1960’ların ortalarında “Swinging London” akımının önemli figürlerinden biri olarak kabul edildi. “Come and Stay With Me", “This Little Bird", “Summer Nights" gibi şarkılarla İngiltere’de ve ABD’de popülerlik kazandı.
Mick Jagger ile İlişkisi ve Düşüş Dönemi
Marianne Faithfull, 1966 yılında The Rolling Stones‘un solisti Mick Jagger ile ilişkiye başladı. O dönemde oldukça göz önünde olan çift, medya tarafından yoğun ilgi gördü. Ancak bu ilişki, Faithfull’un hayatında büyük değişimlere neden oldu.
- 1967 yılında, Keith Richards’ın Redlands’teki evine düzenlenen uyuşturucu baskını sırasında Faithfull, ünlü “kürk astarlı halhal” olayıyla basının ilgisini çekti.
- 1968’de, “Sister Morphine" şarkısının sözlerini yazdı (şarkı, 1971’de The Rolling Stones‘un Sticky Fingers albümünde yer aldı).
- 1969’da Jagger‘dan ayrıldıktan sonra depresyon ve uyuşturucu bağımlılığıyla mücadele etmeye başladı.
Faithfull, 1970’lerin başlarında evsiz kaldı ve uzun yıllar boyunca eroin bağımlılığıyla mücadele etti.
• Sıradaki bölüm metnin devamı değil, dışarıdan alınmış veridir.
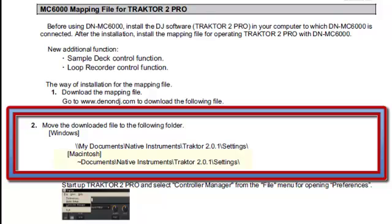If using a Mac computer, go to Documents, Native Instruments, Tractor 2.0.1, and then paste the file in the Settings folder.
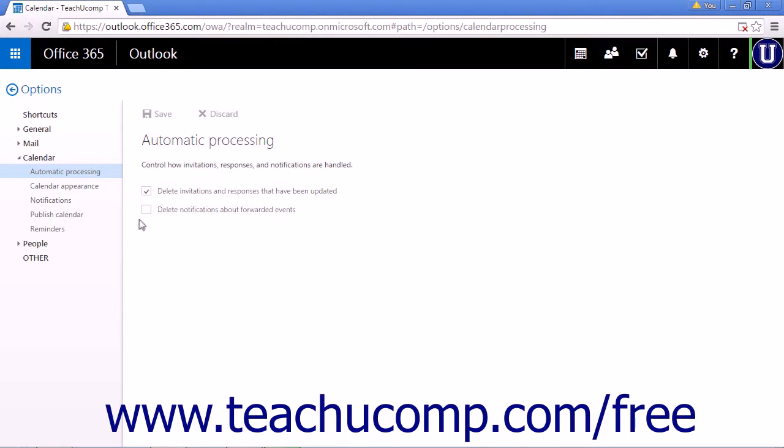The second option is a checkbox to delete notifications about forwarded events. By default, this option is unchecked. Selecting this option will place forwarded meeting notifications directly into the deleted items folder.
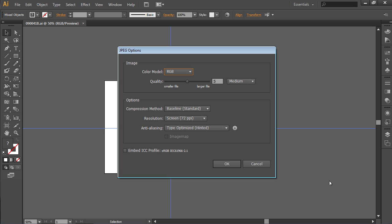In the following window, set the JPEG options and press OK.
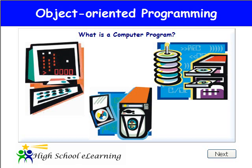Object-oriented programming is a technique used to write computer programs. What is a computer program? A computer program is a set of instructions that a computer carries out, or executes, to do a job.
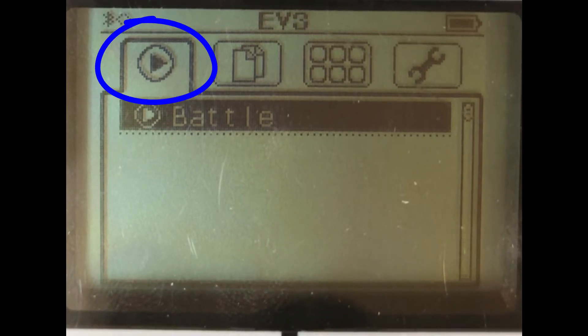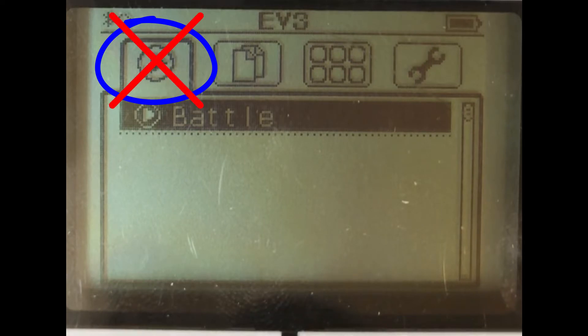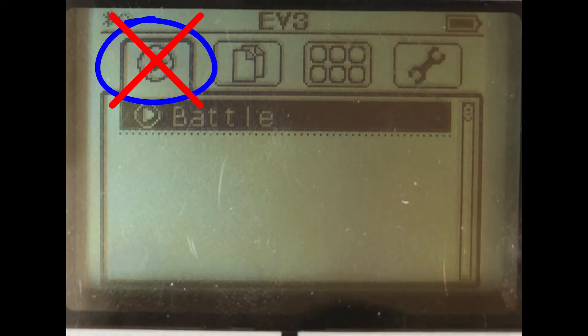Here in this menu, you see a play icon. I would strongly suggest you don't run from this particular menu. There have been some glitches — sometimes it doesn't run the most up-to-date version of your program.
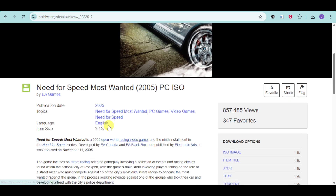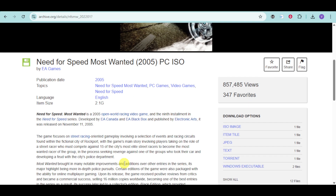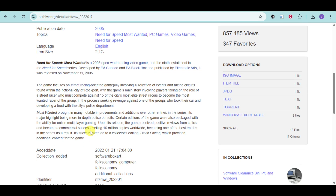Here is Need for Speed Most Wanted 2005 — this is the ISO for that. It was created by EA Games in 2005, which is an open-world racing video game and the 9th installment in the Need for Speed series.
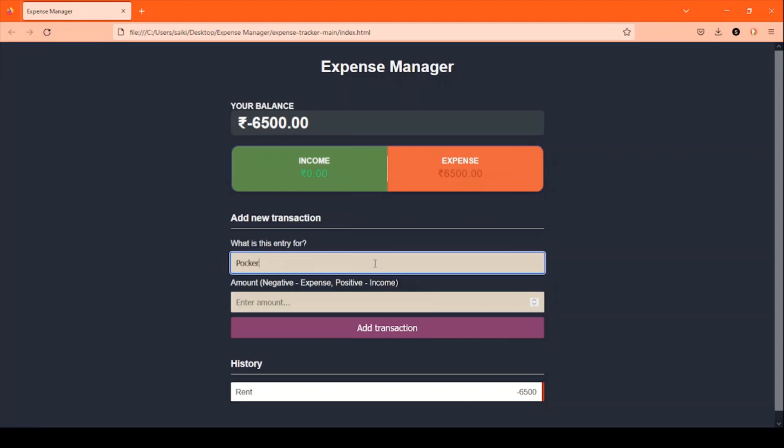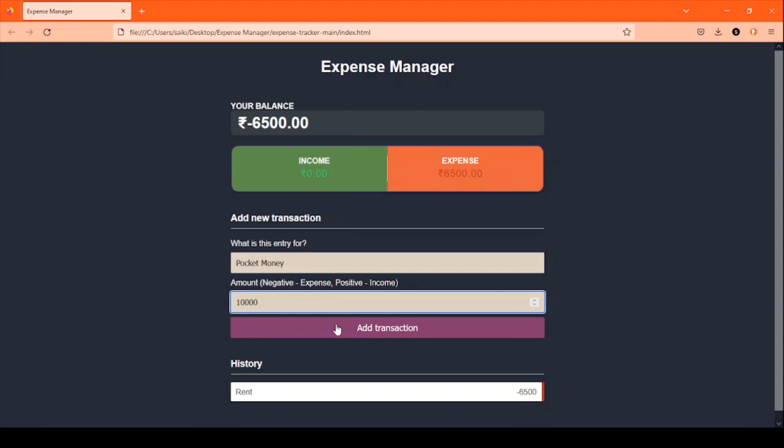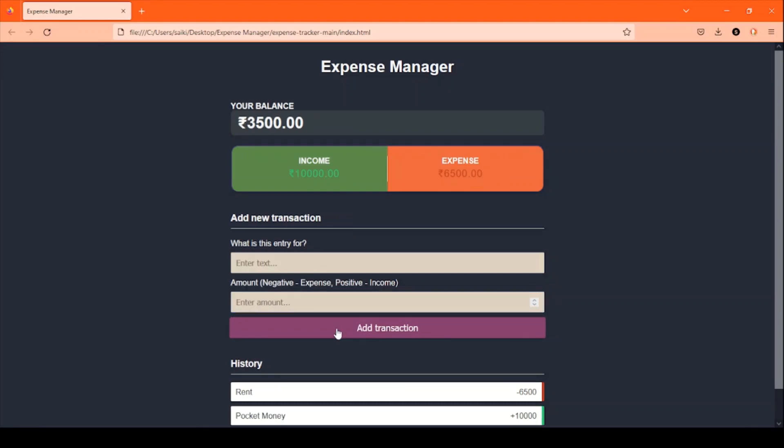After filling the details, we have to click Add Transaction and each transaction will be stored in the history, which can be accessed later for our own purpose.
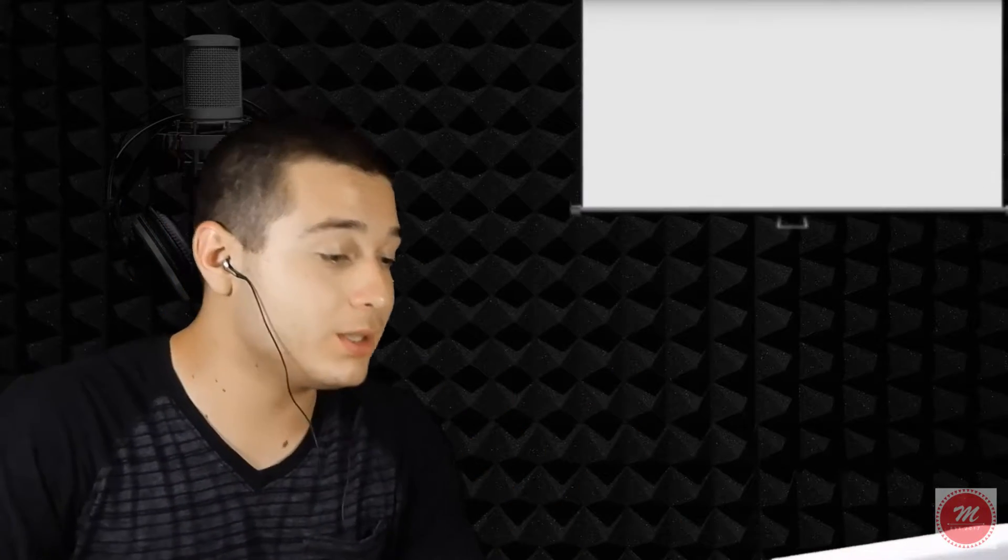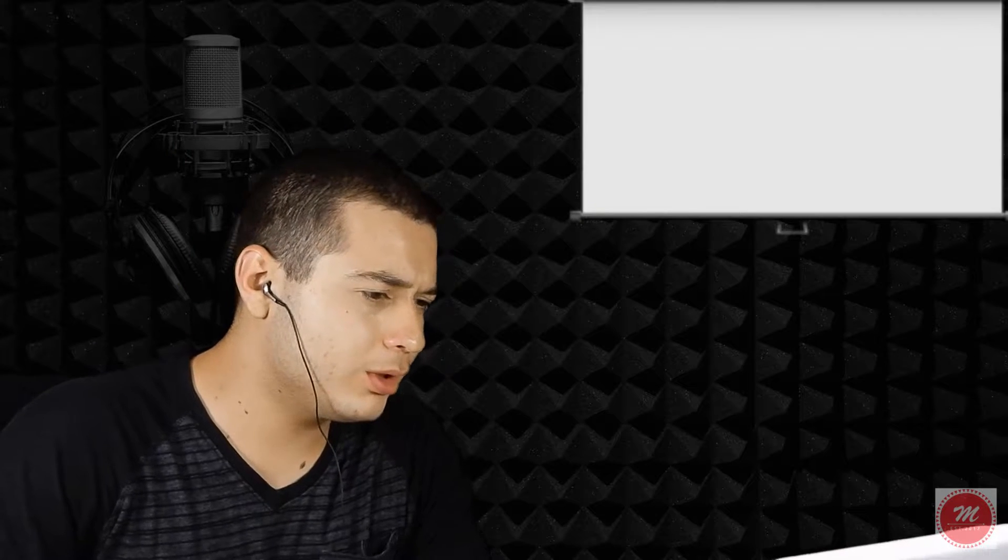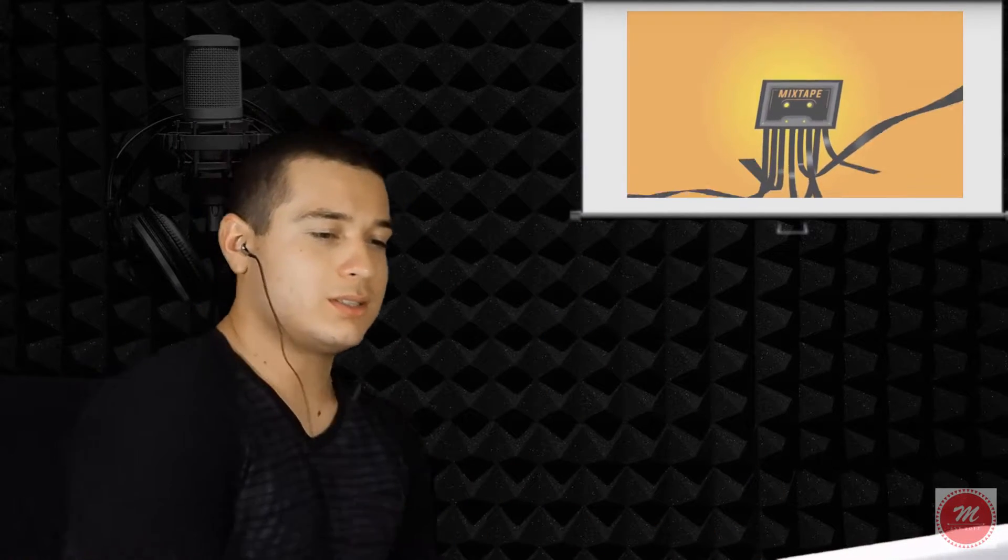Today we're reacting to Abracadabra Mad About Bars. Link to the original video will be down below in my description box, make sure you watch it without any interruptions. I always get tired on my intros. Anyways, this is my very first time listening to Abracadabra, let's see what's up.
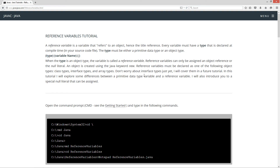Reference variables can only be assigned an object reference or the null literal. An object is created using the Java keyword new. Reference variables must be declared as one of the following object types: class types, interface types, and array types. Don't worry about interface types just yet — I will cover them in a future tutorial. In this tutorial, I'll explore some differences between a primitive data type variable and a reference variable, and also introduce you to a special null literal that can be assigned to a reference variable type.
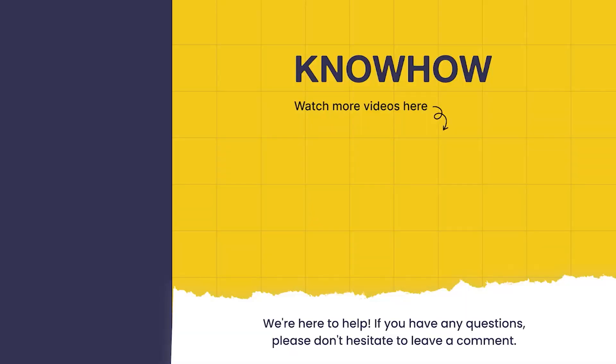Thank you for choosing KnowHow Academy as your source for IT knowledge. We are always here to help you to navigate the tech world. If you have any questions, don't hesitate to reach out. It's been a pleasure sharing this information with you. Stay curious and keep learning.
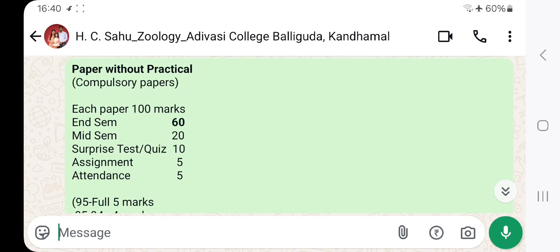Even arts papers like education will have compulsory papers. Each paper is 100 marks. We have already uploaded the Environmental Studies and Disaster Management paper in the video. You can see 100 marks.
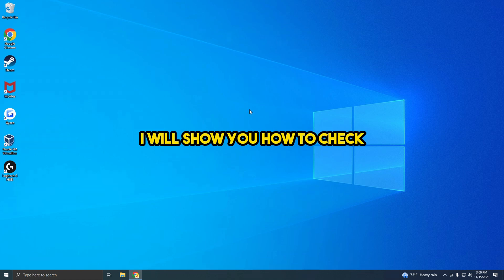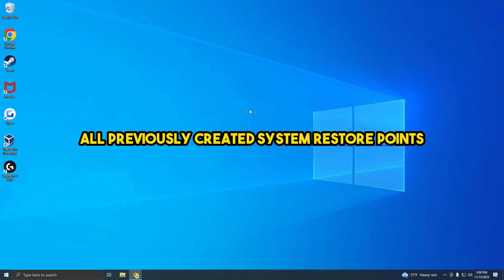In this video, I will show you how to check all previously created System Restore points.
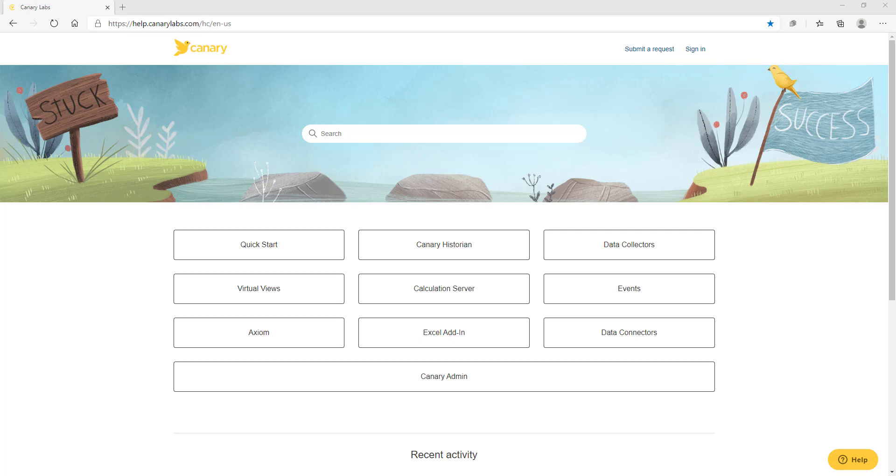To learn more about the Canary system, and to access our knowledge base articles, visit help.canarylabs.com.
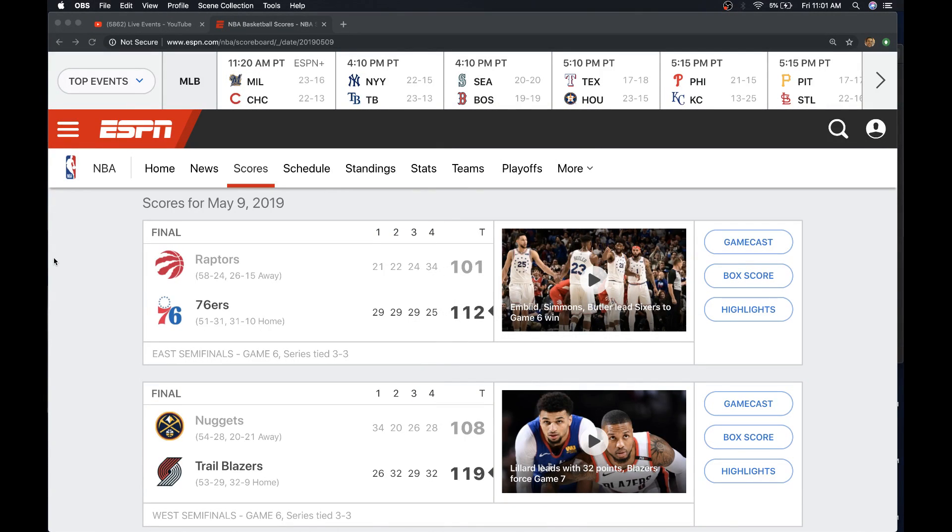Welcome back, Truth Seeker. Quick review of the May 9th games, and then we'll talk about the one playoff game today in the NBA. The Warriors at the Rockets, Game 6.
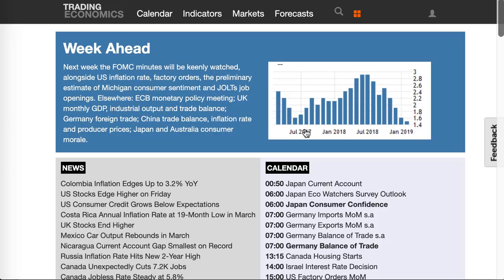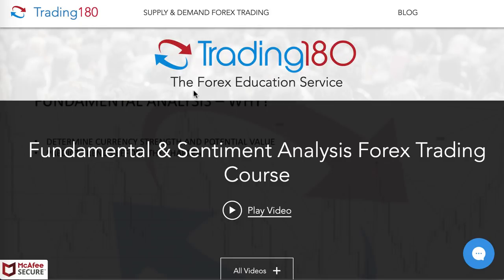UK monthly GDP, industrial output and trade balance, German foreign trade, China trade balance — that's going to be a big one as well, and will probably set the tone for risk-off or risk-on sentiment. China inflation rate and producer prices — big, important China news coming out. Also Japan consumer morale. So that's all going on for this week.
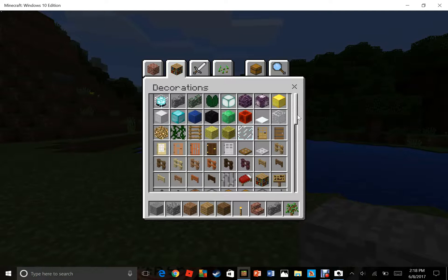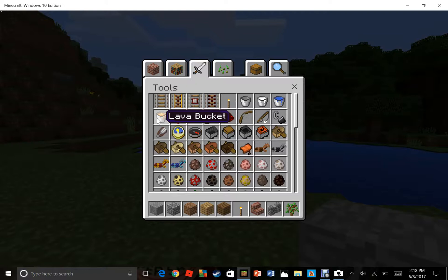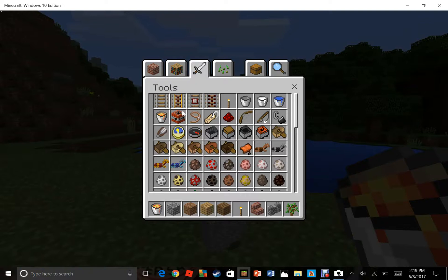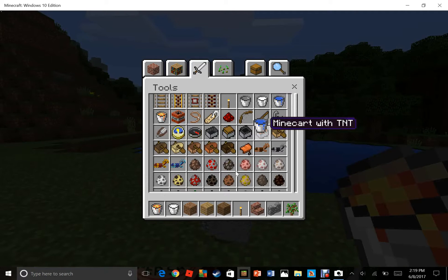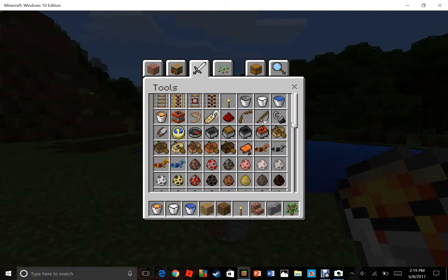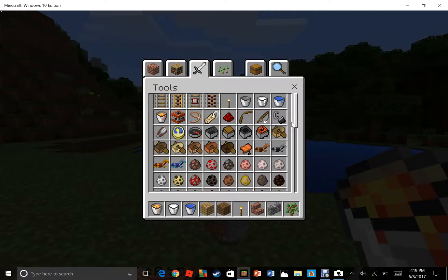First, you're going to need a bucket of lava, a bucket of milk, and a bucket of water. Next, you're going to need a bowl.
Bu süreçte sesi büyük ölçüde değişti ve ikonik derin, kısık tonunu kazandı.
Müzikal Yeniden Doğuş: “Broken English"
1979’da Faithfull, “Broken English" albümüyle büyük bir geri dönüş yaptı. Bu albüm, onun müzikal olarak olgunlaştığını ve kişisel mücadelesinin izlerini taşıyan karanlık, post-punk etkili bir albüm olduğunu gösterdi.
- “The Ballad of Lucy Jordan", “Why D’Ya Do It" ve “Broken English" şarkıları, onun en önemli eserleri arasına girdi.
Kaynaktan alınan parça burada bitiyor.